Kedua fitur berbasis AR ini sekarang sudah tersedia di versi terbaru aplikasi Sephora untuk iOS. Sayangnya aplikasi Sephora sendiri belum masuk ke App Store Indonesia, jadi anda harus mengubah settingan negara menjadi Amerika Serikat terlebih dulu untuk bisa mengunduhnya.

Baca juga : 4 Cara Sukses Mendapatkan Feedback Positif dari Para Customer

“Ray-Ban”

augmented reality
Ray-Ban Virtual Sunglasses

Aplikasi bernama Ray-Ban Virtual Sunglasses ini merupakan aplikasi Augmented Reality yang bisa berjalan pada tablet berbasis android. Mencari sepasang kacamata yang sempurna mungkin sangat menyulitkan, terutama karena anda bukan Brad Pitt atau Angelina Jolie. Aplikasi baru Ray-Ban memungkinkan anda mencoba semua kacamata hitam yang berbeda dari semua jenis merek.

Aplikasi “Virtual Try On” memungkinkan anda membuat Model Virtual anda karena teknologi pemetaan wajah yang canggih. Walaupun dipandang sebagai hiburan semata, namun Ray-Ban Virtual Sunglasses bisa digunakan saat anda hendak membeli aksesoris secara online. Dan bisa dibilang sebagai bahan pertimbangan sebelum anda membeli sebuah kacamata baru.

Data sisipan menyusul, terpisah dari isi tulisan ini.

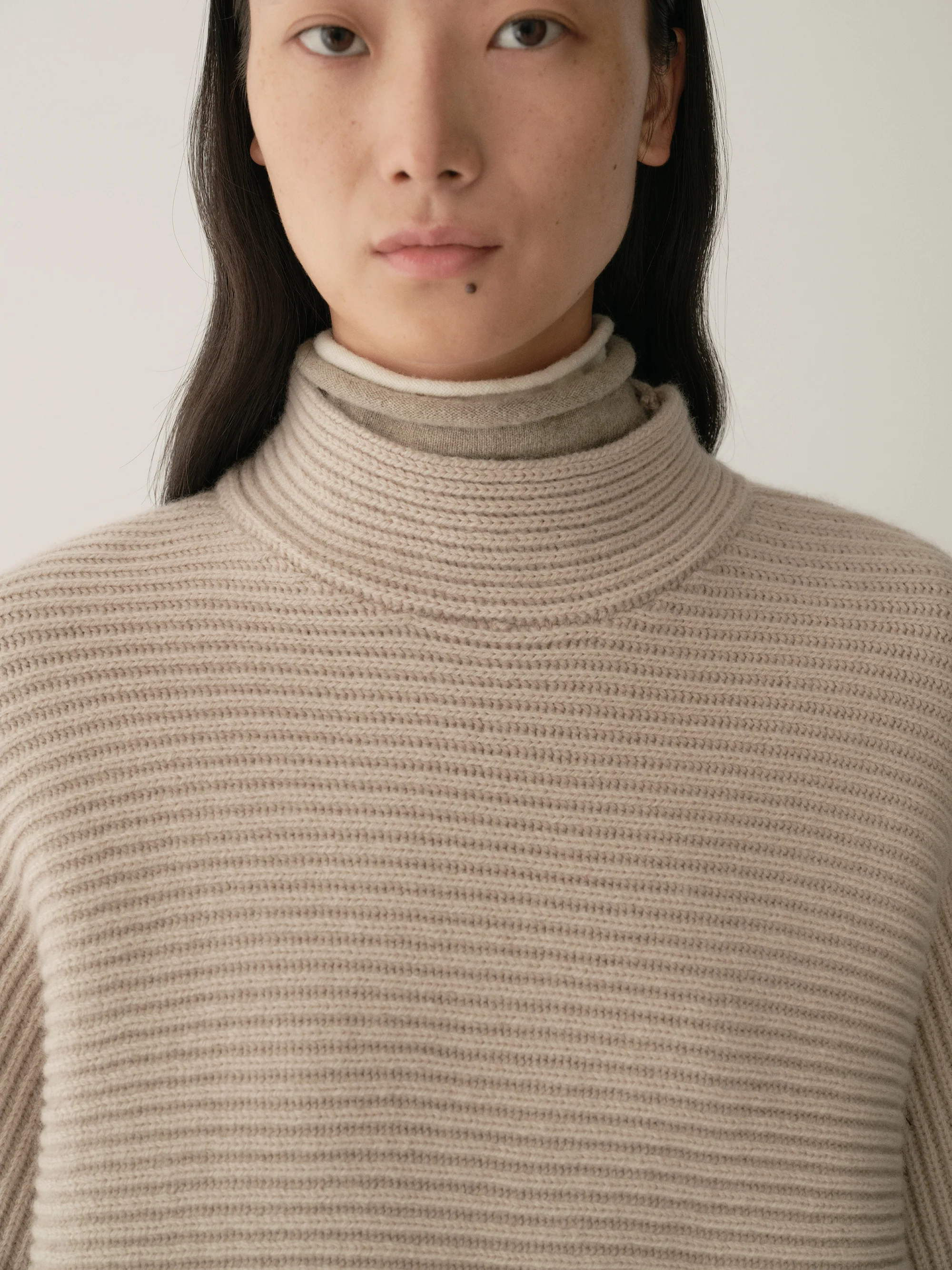 Meino Wool Ribbed Knit Top - Image 8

Baca juga : Indonesia Diprediksi Jadi Pengguna e-Commerce Terbesar Se-Asia Pasifik

Nah itulah 4 contoh A-Commerce yang dirilis oleh teknologi Augmented Reality. Mari kita nantikan terminologi Augmented-Commerce (A-Commerce), yang akan segera menggantikan istilah E-Commerce. Melalui AR, penjual sekarang dapat menawarkan pengalaman interaktif dan personal yang akan mengubah cara kita berbelanja selamanya.